ITV has unveiled the duty of care processes that will be in place to protect this year’s Love Island contestants, as they go from being members of the public to famous faces with thousands of followers on Instagram.
The full details of what participants will now receive has now been outlined by ITV, which can be seen below:
Pre-Filming and during filming:
- Psychological consultant engaged throughout the whole series - from pre-filming to aftercare.
- Thorough pre-filming psychological and medical assessments including assessments by an independent doctor, psychological consultant and discussion with each Islander’s own GP to check medical history.
- Potential Islanders are required to fully disclose any relevant medical history that would be relevant to their inclusion in the villa and the production’s ability to provide a suitable environment for them.
- Managing cast expectations: detailed explanations both verbally and in writing of the implications, both positive and negative, of taking part in the series are given to potential cast members throughout the casting process and reinforced within the contract so it is clear.
- Cast are told they should consider all the potential implications of taking part in the show and work through this decision-making process in consultation with their family and those closest to them, to ensure they feel it is right for them.
- Senior Team on the ground have received training in Mental Health First Aid.
- A welfare team solely dedicated to the Islanders both during the show and after.
- Bespoke training on dealing with social media and advice on finance and adjusting to life back home.
- A minimum of eight therapy sessions will be provided to each Islander when they return home.
- Proactive contact with islanders for a period of 14 months up until the end of the next series.

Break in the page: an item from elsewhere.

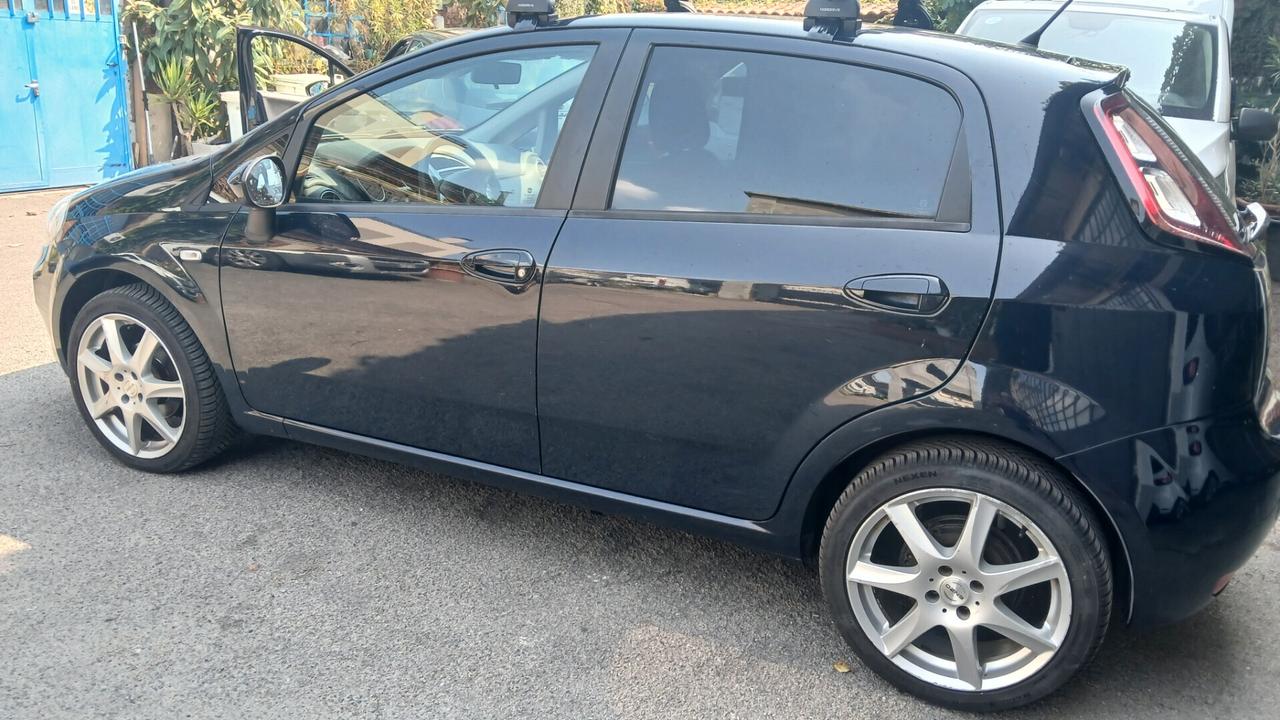 Fiat Grande Punto 1.4 5 porte AUTOMATICA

This means contact with the Islander will last for 14 months after the series in which they have appeared has ended, with additional help provided where applicable.
- We encourage Islanders to secure management to represent them after the show and manage them should they choose to take part in other TV shows, advertising campaigns or other public appearance opportunities.

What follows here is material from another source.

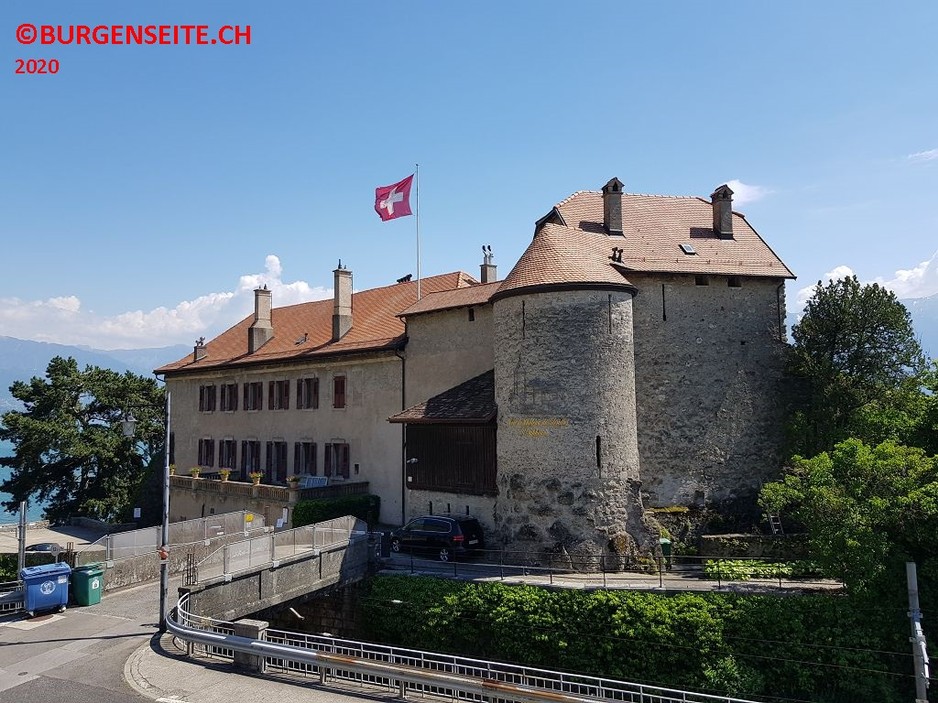 Burg Glérolles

In a statement accompanying the new guidelines, Richard Cowles, the creative director for ITV Studios Entertainment, said: “Due to the success of the show our Islanders can find themselves in the public eye following their appearance.
“We really want to make sure they have given real consideration to this and what appearing on TV entails. Discussing all of this with us forms a big part of the casting process and, ultimately, their decision to take part.
“Also, as we are outlining today our welfare processes follow three key stages: pre-filming, filming and aftercare and we are increasing our post filming support to help Islanders following their time in villa.”
Love Island will return to our screens on Monday 3 June and the line-up is expected to be revealed around a week before they head into the villa.
And following the success of Dani Dyer, it seems the series could feature more Islanders who already have links to the world of celebrity.
So far, Curtis Pritchard (the brother of Strictly Come Dancing professional AJ) and Sophie Piper, Rochelle Humes’ sister are among those apparently heading into the villa.